Patients with severe epilepsy are giving scientists the chance to see the human brain in action, a view they could never get with an MRI or other high-tech tools.
By applying small jolts of electricity to the brain, they’re able to wipe out a person’s ability to recognize faces, spark hallucinations, or even induce a will to persevere, as researchers reported last week.
None of this would be possible without patients like 41-year-old Nate Bennett of Santa Cruz, Calif. He’s had epilepsy since he was a teenager and it’s getting worse, to the point where he worries that he’ll lose his job as a restaurant manager.
In his back pocket, Bennett carries around a black leather wallet about the size of an envelope, attached to a keychain. He made it himself. His teeth have left deep scars in the leather.

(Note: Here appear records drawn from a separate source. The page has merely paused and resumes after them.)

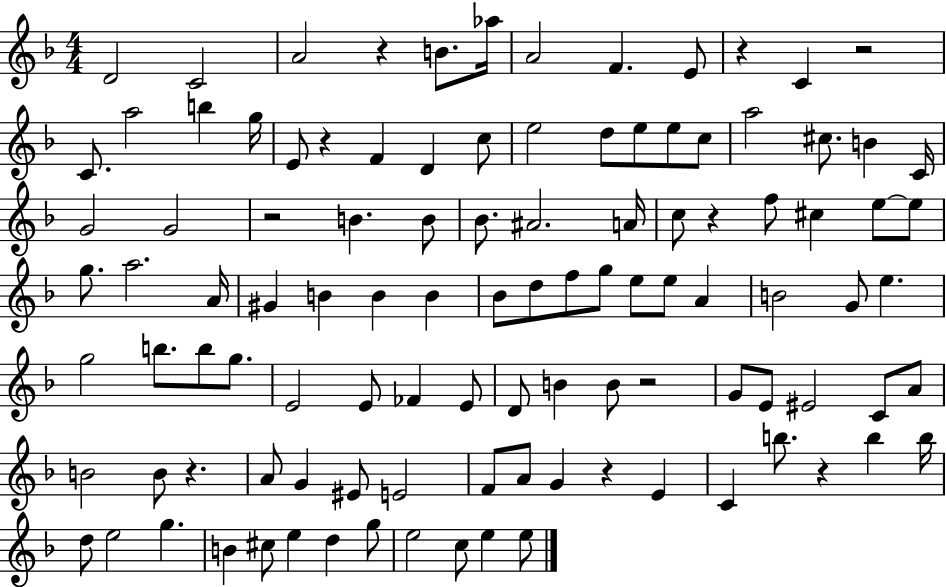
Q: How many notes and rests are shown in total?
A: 107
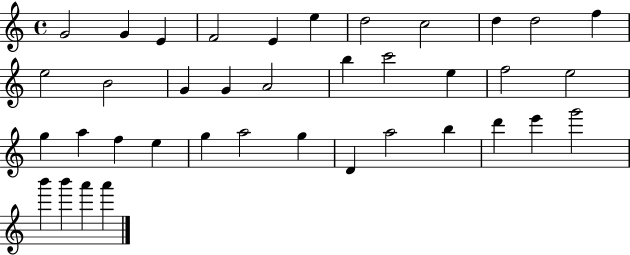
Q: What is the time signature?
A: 4/4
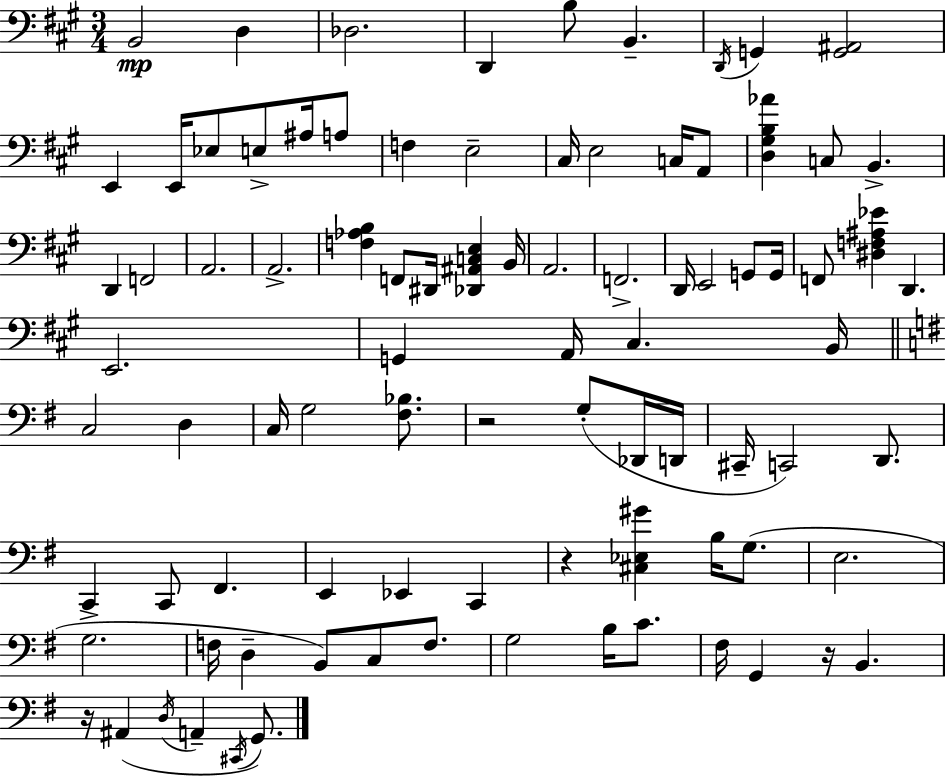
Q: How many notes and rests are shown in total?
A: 89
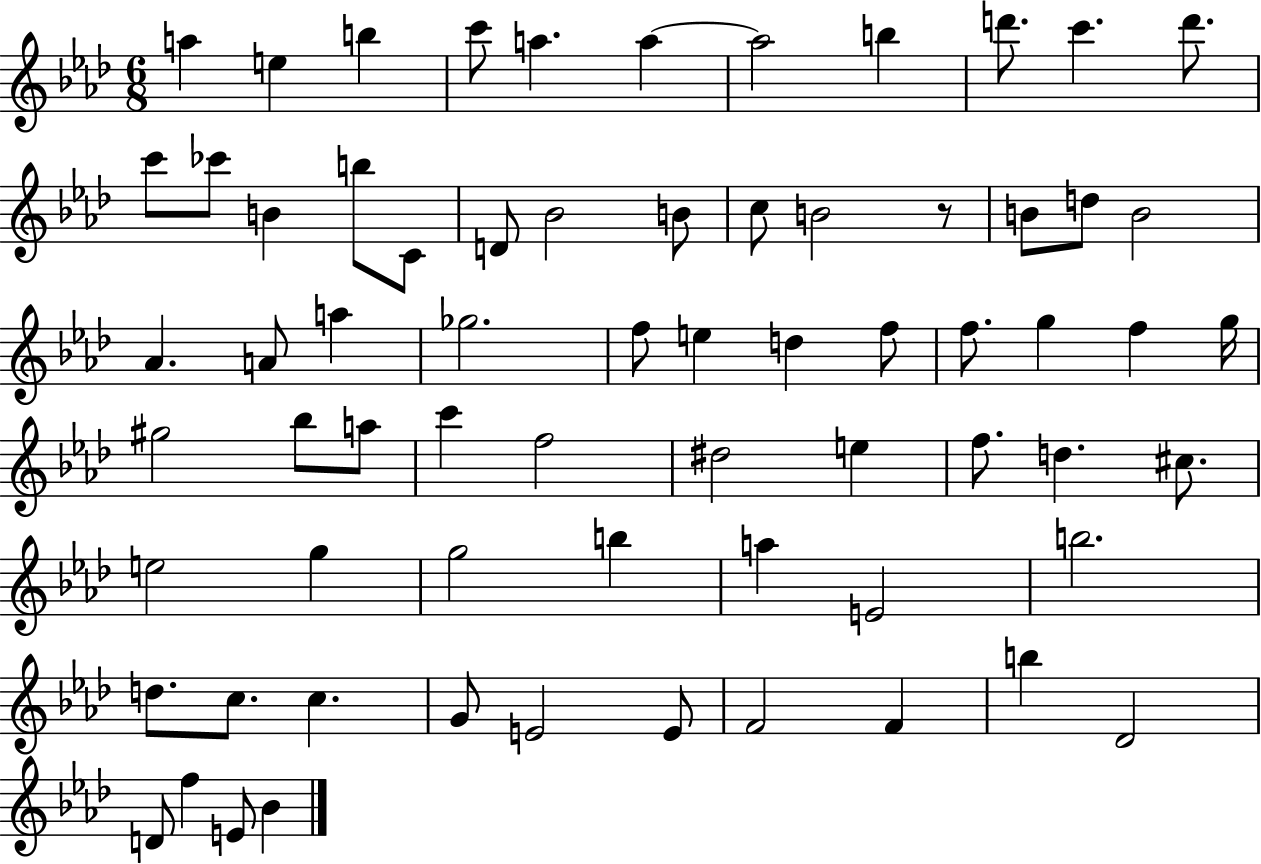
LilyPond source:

“If I’m conscious and I feel the seizure starting, I warn people around me what’s going on,” he says. “I lay down on the floor and I put this in my mouth. That way when I wake up, I may not have bitten my tongue.”
Bennett has one or two grand mal seizures a month, sometimes in the middle of the work day. He’s unable to drive, and worries about having to go on disability and losing his health insurance. Medication isn’t helping.
(NOTE: We, The Epilepsy Network, do not condone the action of placing ANYTHING in your mouth when you have a seizure!)